The July 12 VMware launch for vSphere 5 was comprehensive in its scope. But much of what it offered was overshadowed by changes to its vRam licensing model  that aligned costs with the benefits of virtualization rather than with the physical attributes of each individual server. Today, VMware made a turn around and adjusted the vRam licensing in line with customer feedback.

After the July 12 news came a lot of criticism for the plan as summed up by the Virtualization Practice:

The “trouble” stems from VMware’s decision to change licensing from a processor-centric to a committed memory-centric (vRAM) model.  VMware really had little choice but to make this change to memory-based licensing.  As virtualization extends across a broader range of processor platforms it would otherwise have become increasingly difficult for VMware to maintain licensing parity between processor architectures, especially when it comes to dealing with emergent enterprise processor architectures such as those coming from ARM Holdings. charging by the core not a viable strategy when the capabilities of each core can very so much, and when the number of processor cores are likely to increase far more rapidly than memory utilization for any given workload.  While this change makes a lot of sense for customers who are ready to fully embrace the idea of treating its virtual infrastructure as a private cloud service, and should be acceptable to the large majority of remaining customers once they have come to terms with the costs and benefits of vSphere 5, some will loose out badly.

Bogomil Balkansky is vice president of product management for VMware.
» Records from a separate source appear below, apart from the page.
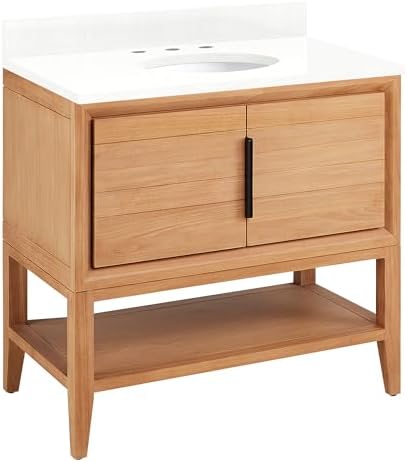 Signature Hardware 955226-36-um Aliso 36" Console Teak Single Basin Vanity Set with Cabinet, Vanity Top, and Oval Undermount Sink - 8" Faucet Holes - Natural Teak/Feathered White
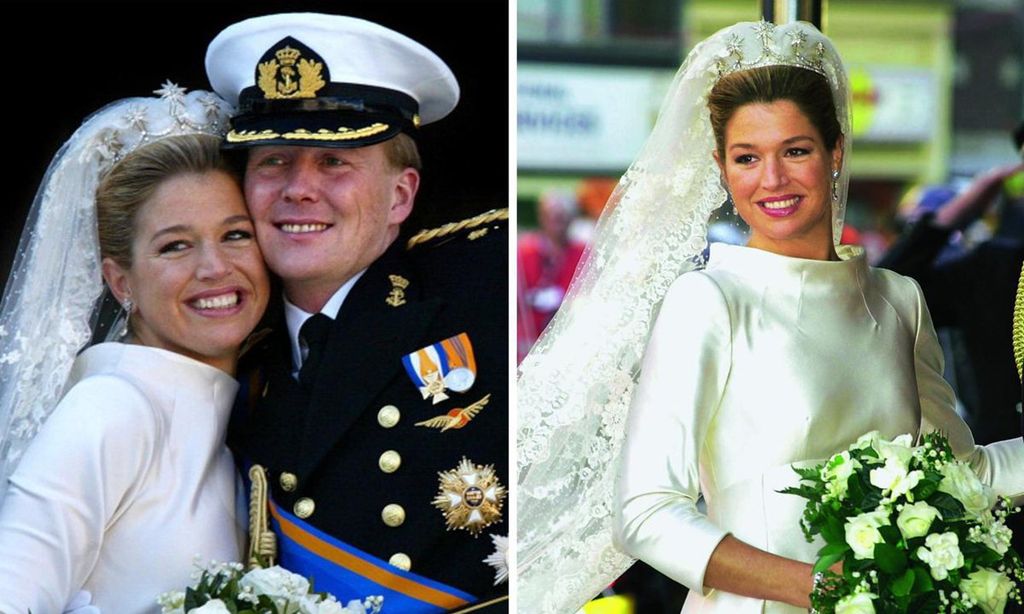 
Máxima y Guillermo se casaron el 2 de febrero de 2002. La ahora Reina eligió un vestido de Valentino y la diadema de las Estrellas.
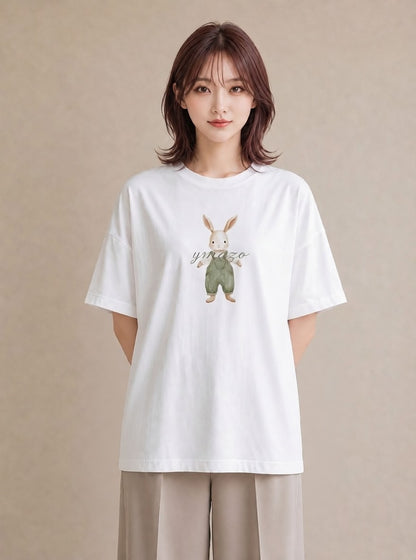 プリントTシャツ レディース うさちゃん ペット 動物 イラスト こなれ感 お出かけ 普段着 白T YMAZO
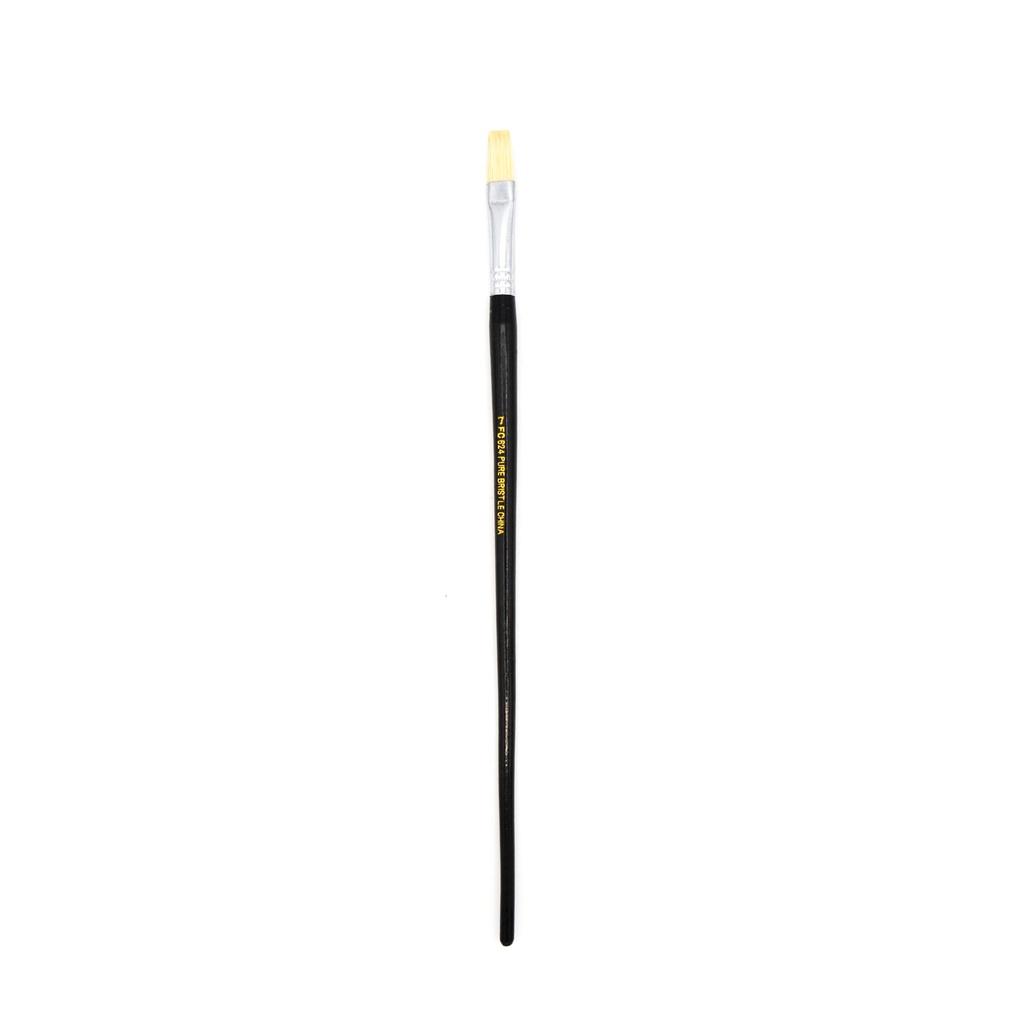 Eterna - White Hog Bristle Brush with Long Black Handle - Flat #7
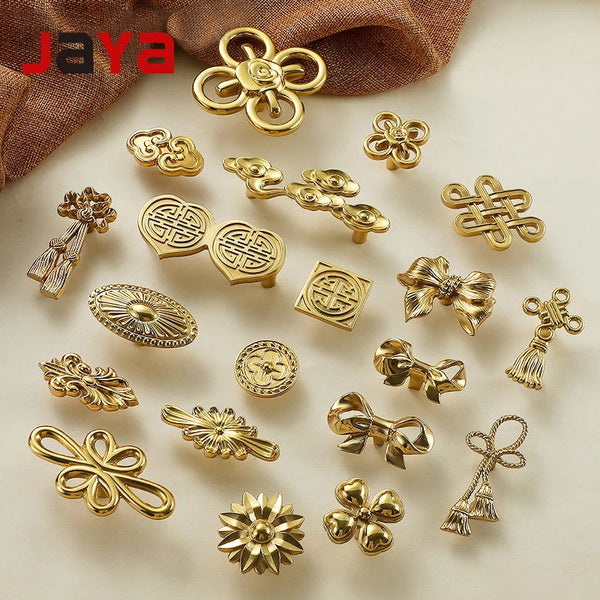 JAYA Chinese Brass Furniture Door Handle Pure Copper Flower Shaped Bow Wardrobe Door Handle Knobs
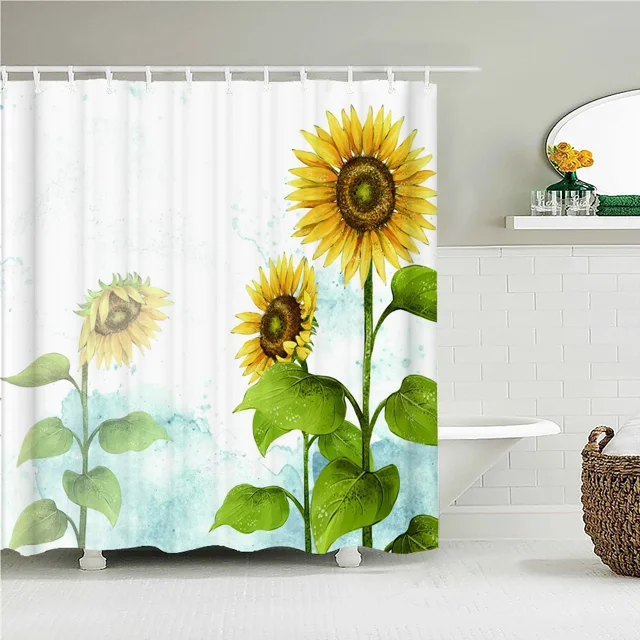3D Printed Colorful Flowers Shower Curtains Bathroom Curtain for Home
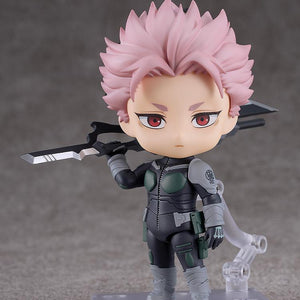 Gen Narumi Nendoroid in his Defense Force suit standing on a clear display base.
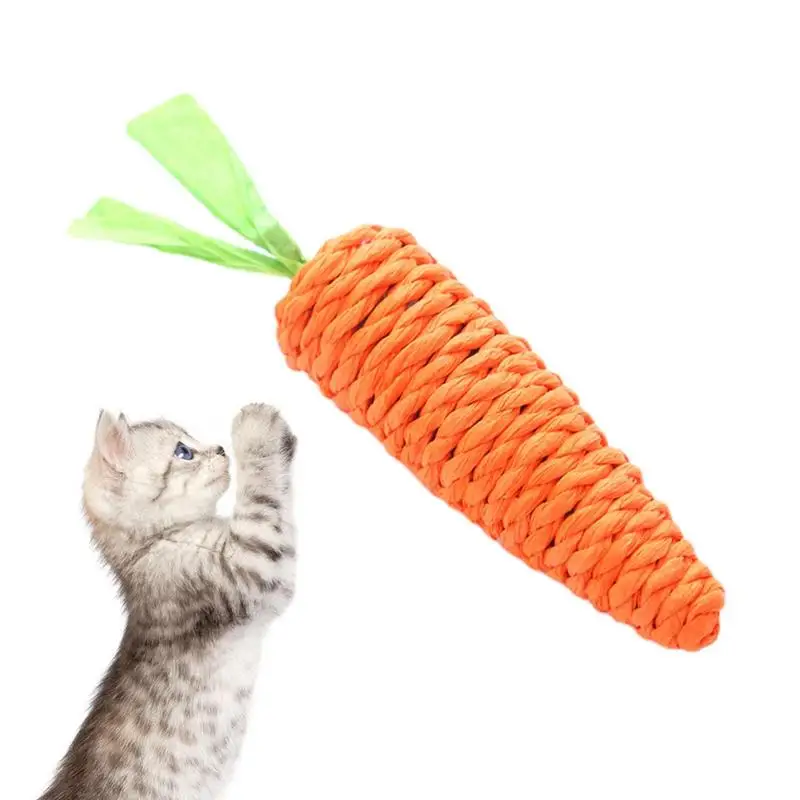 Carrot Cat Toy Paper Rope Pet Teeth Chewing Toy Indoor Cat Toy Built-in Bell Carrot Toy Cat Entertaining Toy Cat Toy Pet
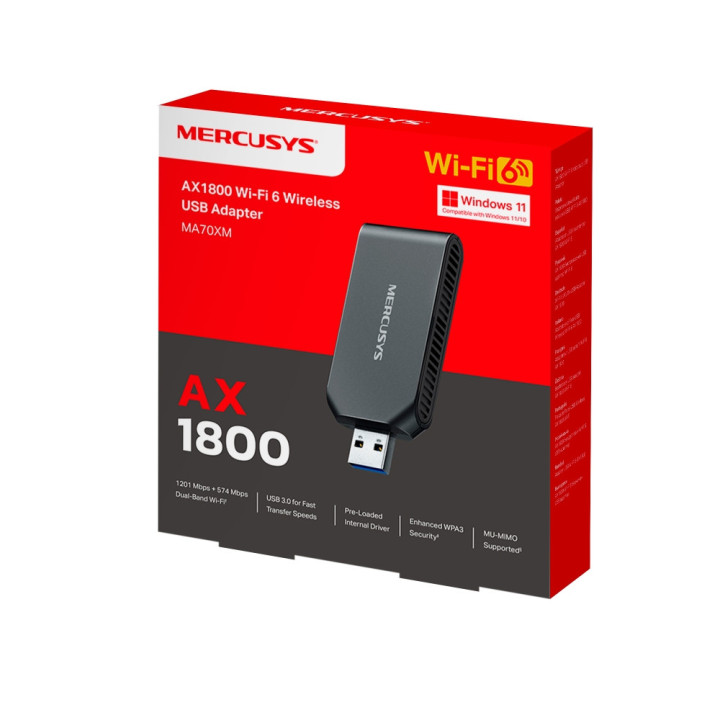 Безжичен USB адаптер Mercusys MA70XM, Wi-Fi 6 AX1800 - 11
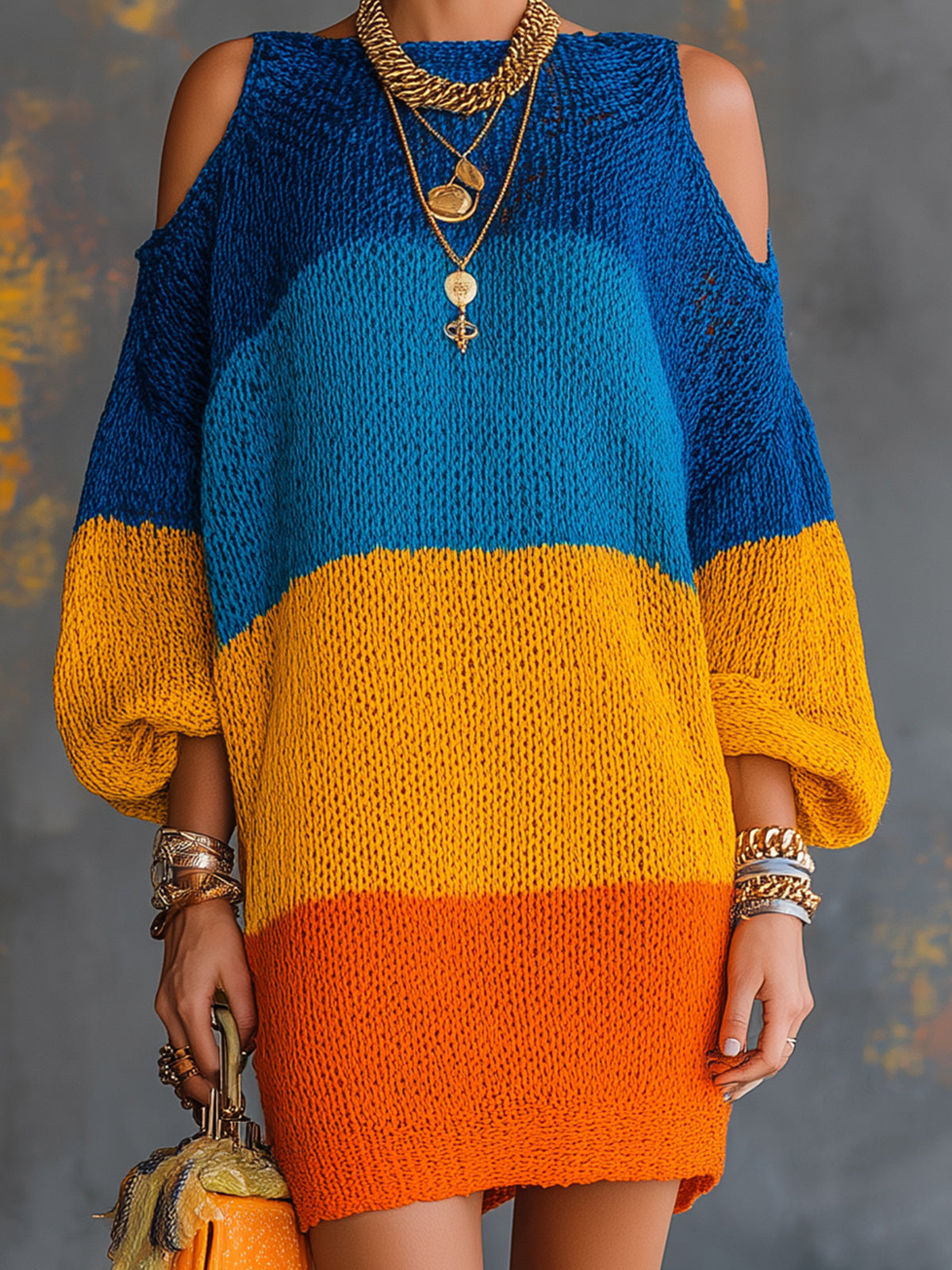 ElevenOra Chic Elegant Blue-Orange Colorblock Boat-Neck Lantern-Sleeve Cold-Shoulder Loose-Fit Knit Mini Dress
In a blog post today he detailed the changes that VMware is making to the new licensing model.

Here’s how Balkansky explained it:

We are a company built on customer goodwill and we take customer feedback to heart.  Our primary objective is to do right by our customers, and we are announcing three changes to the vSphere 5 licensing model that address the three most recurring areas of customer feedback:

  • We’ve increased vRAM entitlements for all vSphere editions, including the doubling of the entitlements for vSphere Enterprise and Enterprise Plus.
  • We’ve capped the amount of vRAM we count in any given VM, so that no VM, not even the “monster” 1TB vRAM VM, would cost more than one vSphere Enterprise Plus license.
  • We adjusted our model to be much more flexible around transient workloads, and short-term spikes that are typical in test & dev environments for example.

I doubt the July 12 launch for vSphere 5 will go down as the best in VMware history. It was upended a bit by the Citrix news about its acquisition of Cloud.com. Then came the criticism for the new licensing.

It was all overshadowing the news about vSphere 5 which had a host of new features.

Services Angle

The real future for VMware is in providing the full spectrum offering for customers to move to the cloud. That’s why this licensing change is important. It defuses the issue in time for VMworld, which we expect will be all about the cloud and its deeper integrations with its service providers.